Nach 14 Jahren im Vorstand des Familienunternehmens zieht sich Martin Essl in den Aufsichtsrat zurück. Auf Wunsch der Gläubigerbanken, heißt es.
Klosterneuburg. Für Baumax geht es derzeit Schlag auf Schlag. Vor zwei Wochen wurde bekannt, dass Finanzvorstand Marcus Pechlaner die defizitäre Baumarktkette nach nur einem Monat wieder verlassen hat. Am Donnerstag meldete der Konzern nun, dass Martin Essl, Sohn von Baumax-Gründer Karlheinz Essl und seit 1999 Vorstandsvorsitzender des Familienunternehmens, die Unternehmensführung abgibt und sich in den Aufsichtsrat zurückzieht.

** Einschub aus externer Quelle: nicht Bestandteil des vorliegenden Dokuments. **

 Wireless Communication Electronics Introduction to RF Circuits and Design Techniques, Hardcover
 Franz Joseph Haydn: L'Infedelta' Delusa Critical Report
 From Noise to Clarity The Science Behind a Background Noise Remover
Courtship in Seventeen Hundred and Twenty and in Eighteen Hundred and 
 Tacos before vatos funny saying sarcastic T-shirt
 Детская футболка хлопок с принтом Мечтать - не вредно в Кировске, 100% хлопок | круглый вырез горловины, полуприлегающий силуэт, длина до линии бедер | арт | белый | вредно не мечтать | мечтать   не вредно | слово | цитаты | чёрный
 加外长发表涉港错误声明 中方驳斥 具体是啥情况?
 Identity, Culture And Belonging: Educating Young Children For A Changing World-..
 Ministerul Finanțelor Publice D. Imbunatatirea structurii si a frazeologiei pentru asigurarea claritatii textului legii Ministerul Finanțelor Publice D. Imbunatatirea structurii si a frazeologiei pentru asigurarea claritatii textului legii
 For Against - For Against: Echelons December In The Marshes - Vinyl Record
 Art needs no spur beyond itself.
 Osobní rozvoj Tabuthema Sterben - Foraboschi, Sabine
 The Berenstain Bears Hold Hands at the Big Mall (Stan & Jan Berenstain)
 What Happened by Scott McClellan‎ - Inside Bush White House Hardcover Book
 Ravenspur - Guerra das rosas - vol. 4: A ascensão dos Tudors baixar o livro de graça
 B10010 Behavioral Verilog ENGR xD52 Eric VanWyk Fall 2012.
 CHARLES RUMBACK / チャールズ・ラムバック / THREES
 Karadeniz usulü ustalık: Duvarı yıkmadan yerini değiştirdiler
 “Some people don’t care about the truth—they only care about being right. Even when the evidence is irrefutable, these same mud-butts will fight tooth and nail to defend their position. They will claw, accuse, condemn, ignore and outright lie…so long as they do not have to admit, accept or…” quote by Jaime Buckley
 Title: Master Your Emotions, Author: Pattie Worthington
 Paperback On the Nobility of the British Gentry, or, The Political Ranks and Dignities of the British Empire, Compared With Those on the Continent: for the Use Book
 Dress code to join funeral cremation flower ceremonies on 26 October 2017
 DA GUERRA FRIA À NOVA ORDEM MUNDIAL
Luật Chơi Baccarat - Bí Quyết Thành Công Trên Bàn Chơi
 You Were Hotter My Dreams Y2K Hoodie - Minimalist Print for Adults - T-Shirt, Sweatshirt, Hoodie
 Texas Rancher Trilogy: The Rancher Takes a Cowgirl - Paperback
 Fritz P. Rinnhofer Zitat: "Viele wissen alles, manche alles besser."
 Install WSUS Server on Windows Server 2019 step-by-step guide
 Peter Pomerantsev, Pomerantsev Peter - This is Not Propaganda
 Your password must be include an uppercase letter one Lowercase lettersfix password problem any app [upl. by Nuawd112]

Seinen Posten wird ab April 2014 Michael Hürter übernehmen, der vor 18 Monaten als Restrukturierungsexperte an Bord geholt wurde und bisher als stellvertretender Vorstandsvorsitzender die operative Verantwortung für alle Länder innehatte.
Die Familie Essl habe sich entschlossen, künftig eine klare Trennung zwischen den Agenden des Vorstandes und der Eigentümer vorzunehmen, heißt es in einer Aussendung. Es ist davon auszugehen, dass diese Entscheidung nicht ganz freiwillig gefällt wurde. Wie „Die Presse“ aus Bankenkreisen erfuhr, war der Rückzug von Martin Essl eine Bedingung für die Absegnung des Ende 2012 vereinbarten und seither bereits mehrfach adaptierten Restrukturierungsplanes. Im Gegenzug hatten die Banken die Kreditzinsen für drei Jahre gestundet und 80 Mio. Euro zugeschossen.
„Mehr Zeit“ für Restrukturierung
Am Donnerstag fand ein Meeting mit den Gläubigerbanken Bank Austria, Erste Bank und Raiffeisen statt, bei dem „den Restrukturierungsbemühungen des Unternehmens das Vertrauen ausgesprochen wurde“, heißt es bei Baumax. Man benötige keine zusätzlichen Finanzmittel, bekomme aber „mehr Zeit für die Restrukturierung“.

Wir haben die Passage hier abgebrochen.